On Mon, Sep 30, 2013 at 10:48 AM, Goswin von Brederlow <goswin-v-b@web.de>wrote:

> >
> > + For 16-bit and 32-bit architectures:
> >      +---------------+----+----+-----+-------+------+
> >      |     wosize    | ext|cust|noptr| color | tag  |
> >      +---------------+----+----+-----+-------+------+
> > bits  31           21  20   19   18   17   16 15   0
> >
> > - noptr: no pointers present
> > - ext:  uses extension word
> > - cust(om): uses custom word. Custom word is normally used to indicate
> > floats and pointers.
> >
> > 32 bit extension word (present only if ext is 1)
> >      +---------------------------------------------+
> >      |                   wosize                    |
> >      +---------------------------------------------+
> > bits  31                                          0
>
> Why use a full bit for ext? I would define wosize == 0 to mean an
> extension word with the actual size is present. That way sizes up to
> <16KB can be encoded without extension word.
>
>
Great point! Of course, that makes perfect sense. I was feeling like I was
wasting the wosize bits with the extension word but couldn't quite get put
2 and 2 together.
BTW, down the thread is a newer version of the design that reduces the tag
space to 8000 tags, which I do think is sufficient.

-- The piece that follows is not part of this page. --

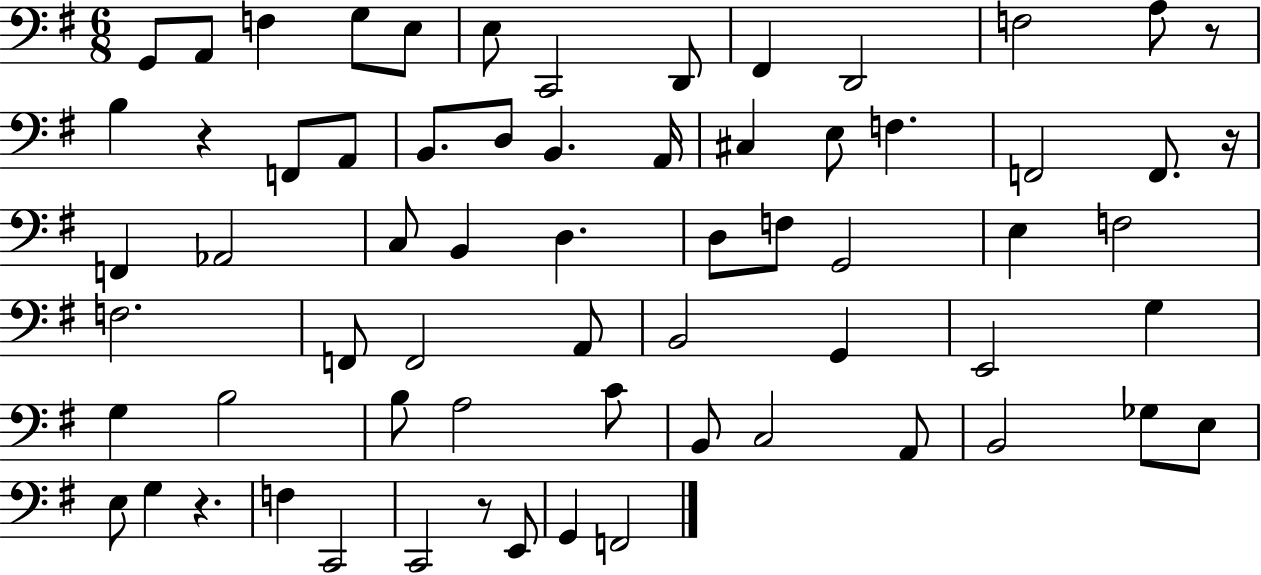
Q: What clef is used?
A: bass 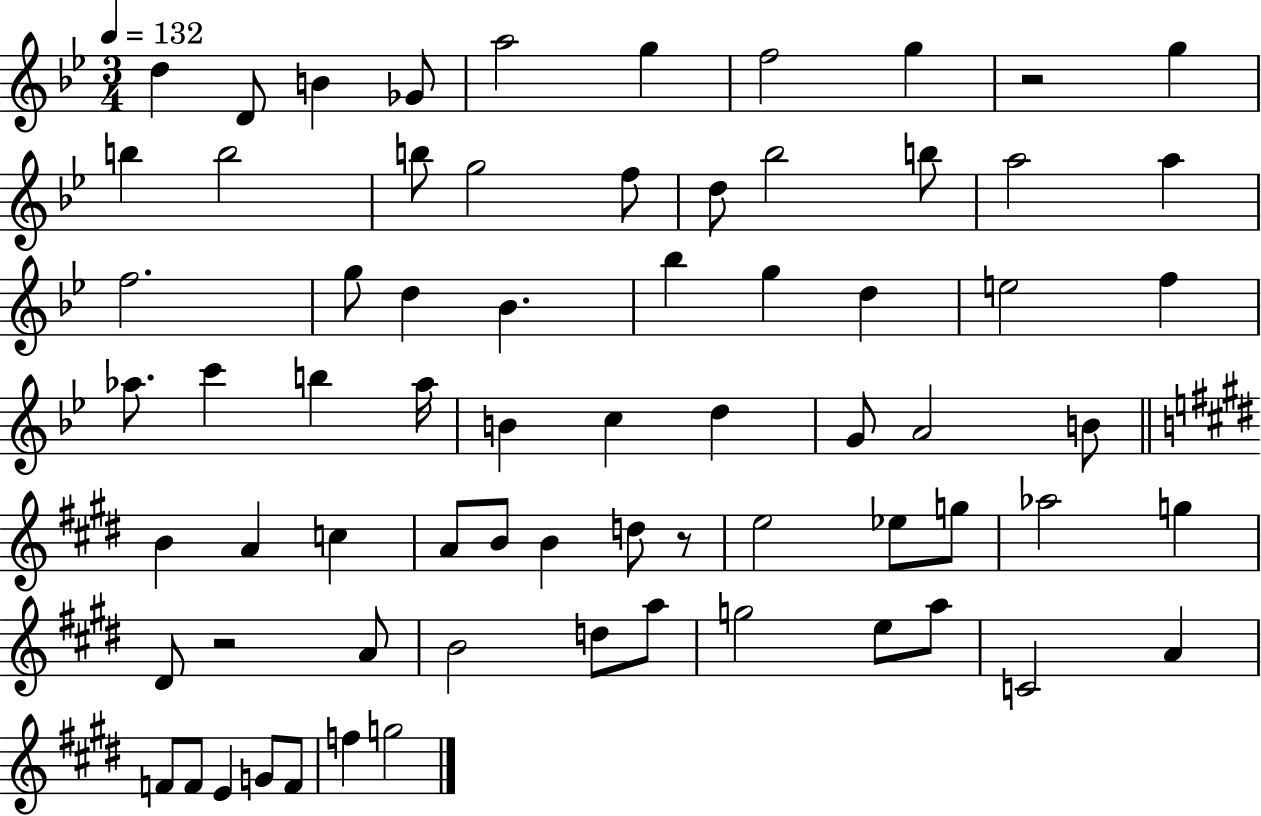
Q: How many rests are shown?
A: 3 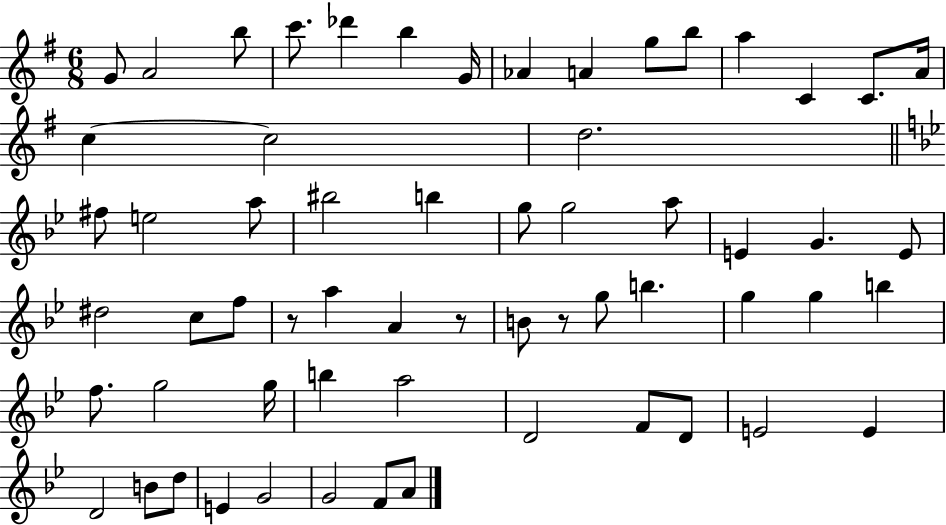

>  > 32 bit custom word (default usage - present only if cust is 1):
> >      +----+----------------------------------------+
> >      |nofp|              pfbits                    |
> >      +----+----------------------------------------+
> > bits   31  30                                     0
> >
> > - nofp: a structure with no floats. All pfbits are used for pointers,
> with
> > a 1 signifying a pointer and a 0 signifying a value.
> > - pfbits: indicates which double words are floats and pointers. Starting
> at
> > the highest bit:
> >     - a 0 indicates neither a pointer nor a float
> >     - a 10 indicates a float (double)
> >     - a 11 indicates a pointer
> >     - If noptr is set, each bit indicates a float. If nofp is set, each
> bit
> > indicates a pointer.
>
> There are 3 kinds of values:
>
> 1) pointers with bit 0 == 0
> 2) non-pointers with bit 0 == 1
> 3) floats with all bits used for the type (spanning 2 fields in 32bit)
>
> So if pfbits indicates a float then a field (or 2) is a float and all
> bits are used for the value. Otherwise the bit 0 of the field will
> tell you wether it is a pointer or not. So why would you want to
> duplicate that information in the pfbits?
>

I was thinking of doing it for efficiency. If we're already indicating
what's what, we might as well represent shortcuts to the pointers, which
would cut down on the amount of reading, no? In the average case, the GC
would need to access a lot less memory.


> It might be nice to support C values like untagged ints or unaligned
> pointers. If Custom tag is set then the pfbits become ocaml value
> bits. The GC will only inspect fields with pfbit set. All other fields
> are ignored. The custom_operations handle compare, hash, serialize and
> deserialize so nothing else will access the data.
>
> Another thing are int32 and int64. I guess if you want to unbox those
> then having 2 bits per field in pfbits makes sense again. But then I
> would allocate them as:
>
>     - a 00 indicates a tagged value (int or pointer)
>     - a 01 indicates a non-pointer: int, int32, native int, C pointer
>     - a 10 indicates a float (double)
>     - a 11 indicates an int64
>
> The higher bit would indicate a 64bit value, meaning spanning 2 fields
> on 32bit. Not that those 4 values allow mixing ocaml values, C values,
> int32, int64 and float in a block.
>
> I would combine the noptr and nofp bits into a single 2bit field:
>
>     - a 00 indicates no pointers and no double size, no pfbits
>     - a 01 indicates no double size, pfbits indicate tagged / non-pointer
>     - a 10 indicates no pointers but double size, pfbits indicate size
>     - a 11 indicates both pointers and double size, 2 pfbits per field
>
> Note: tagged integers can be stored as 00 or 01. I think this would be
> required for polymorphic types. An 'a could be int or pointer. In both
> cases 00 will work.
>
>
I really like this idea -- unboxing more types could be really useful. I'm
not sure double 'size' would work, however. It should be fine for the
marshal module, but polymorphic comparison would get messed up because
floats have to be compared differently. So I think 10 in the bit field
should indicate no pointers but floats, while 11 could allow both pointers
and double size, with the 2-bits specifying if it's a float or an int64 (as
you've outlined). Of course, one cannot have both shortcuts to pointers and
enhanced unboxing, so let me know what you think about the performance
increase from shortcutting the tag bit.

Yotam